Objective: To estimate risk and relative risk (RR) of acute pancreatitis among patients using incretin-based diabetes therapies (exenatide or sitagliptin) compared to patients treated with agents with established safety profiles (metformin or glyburide).
Research design and methods: The study population was derived from a large US commercial health insurance transaction database using an active drug safety surveillance system (i3 Aperio). This analysis is based on data from June 2005 through June 2008. Cohorts of exenatide and sitagliptin initiators were each matched to an equal number of metformin or glyburide (met/gly) initiators using propensity scores to reduce confounding in the comparison of outcomes during follow-up. Patients with claims suggesting pancreatic disease in the 6 months prior to cohort entry were excluded.

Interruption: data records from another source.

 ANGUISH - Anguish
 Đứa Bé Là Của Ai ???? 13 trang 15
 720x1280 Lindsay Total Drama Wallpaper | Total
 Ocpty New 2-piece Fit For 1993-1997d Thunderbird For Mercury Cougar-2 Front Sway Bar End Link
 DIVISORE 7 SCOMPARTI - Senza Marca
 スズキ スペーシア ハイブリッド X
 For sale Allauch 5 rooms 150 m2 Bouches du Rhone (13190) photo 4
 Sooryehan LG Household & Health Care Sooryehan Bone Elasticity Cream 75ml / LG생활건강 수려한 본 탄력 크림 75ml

Main outcome measure: Claims for hospitalizations associated with a primary diagnosis of acute pancreatitis (ICD-9 577.0).

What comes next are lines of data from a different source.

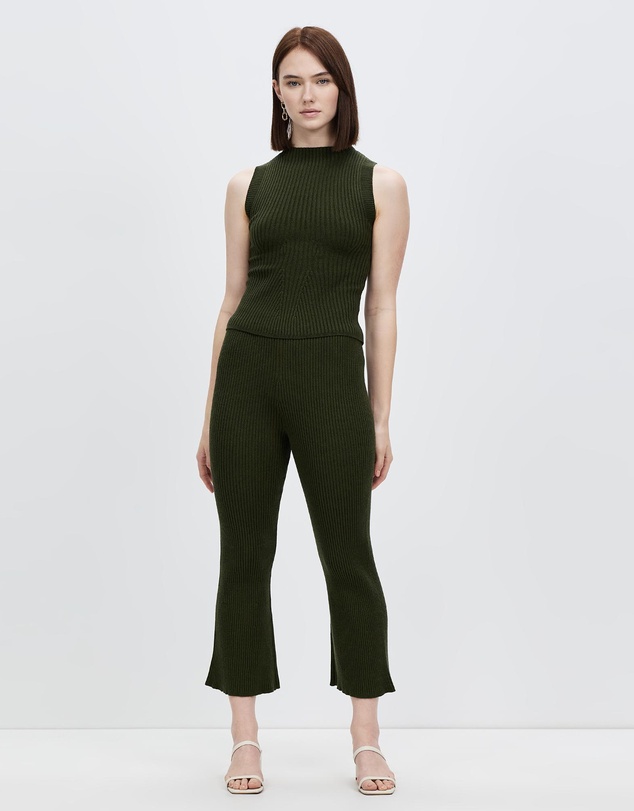 Grace Willow - Ingrid Pants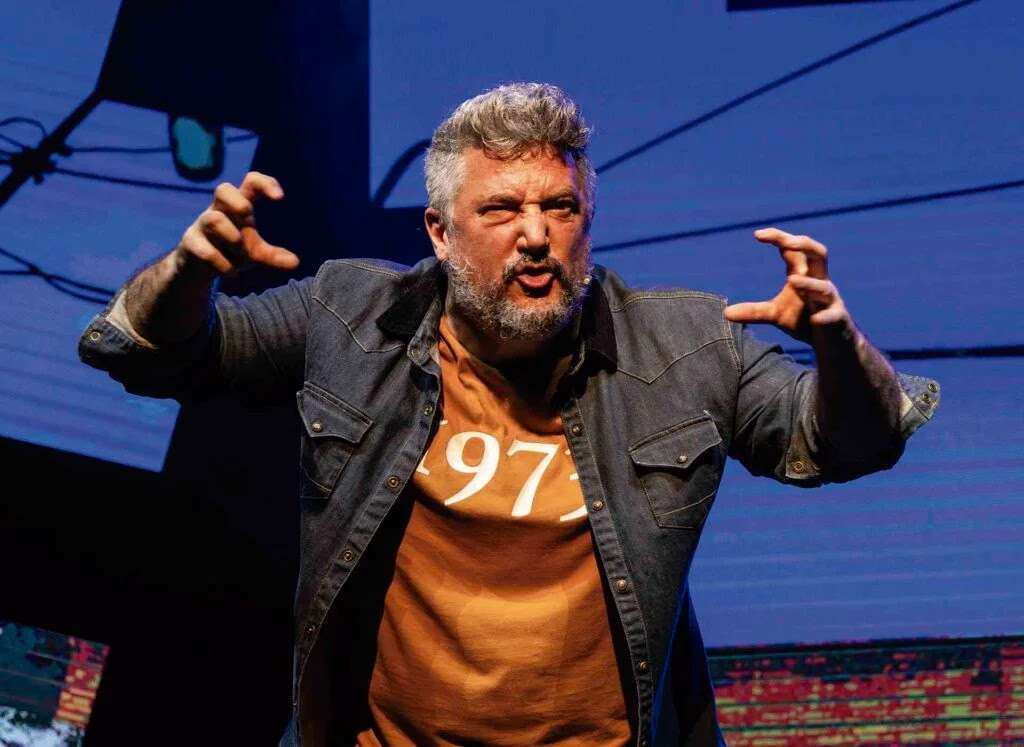 Finde largo en Escobar:  Pablo Fábregas, el Mercado del Paraná y el reestreno de “The Rocky Horror Picture Show” son los eventos destacados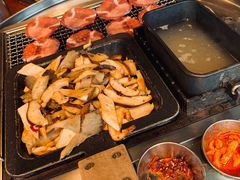-伍丁·烤牛肋(和平东桥店)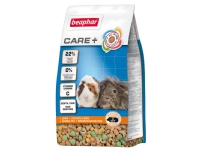 Beaphar Care+ Granulat 250 g marsvin Kjæledyr - Små kjæledyr - Snacks til gnagere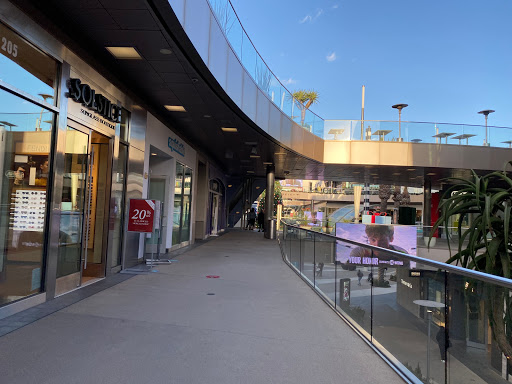 Department Store «Nordstrom Santa Monica», reviews and photos, 220 Broadway, Santa Monica, CA 90401, USA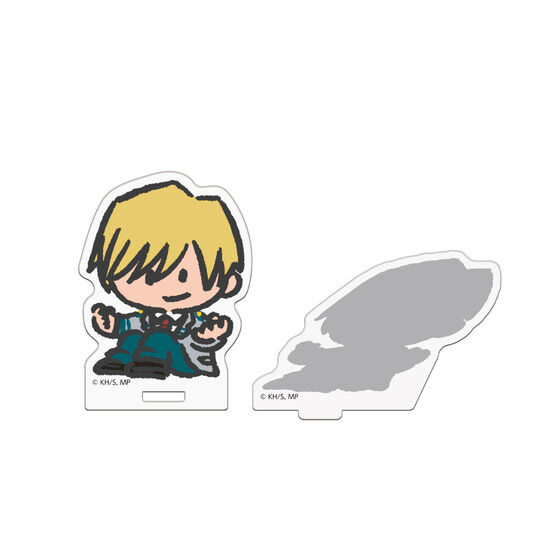 �y���ʌ���z�l�̃q�[���[�A�J�f�~�A ��2�� �Y�p���Z�I�[�v���X�N�[��  �A�N�����X�^���h�@�i�~�j�L�����j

Results: There were 27 996 exenatide initiators and 16 276 sitagliptin initiators and approximately equal numbers of matched comparators. During follow-up of up to 1 year, acute pancreatitis occurred among 0.13% of patients treated with exenatide and 0.12% of patients treated with sitagliptin. The risk of acute pancreatitis was comparable for initiators of exenatide (RR 1.0; 95% confidence interval (CI) 0.6-1.7) and sitagliptin (RR 1.0; 95% CI 0.5-2.0) relative to the comparison cohorts.
Conclusions: These data do not provide evidence for an association of acute pancreatitis among initiators of exenatide or sitagliptin compared to met/gly initiators. These results are limited by the data available in an administrative, healthcare database.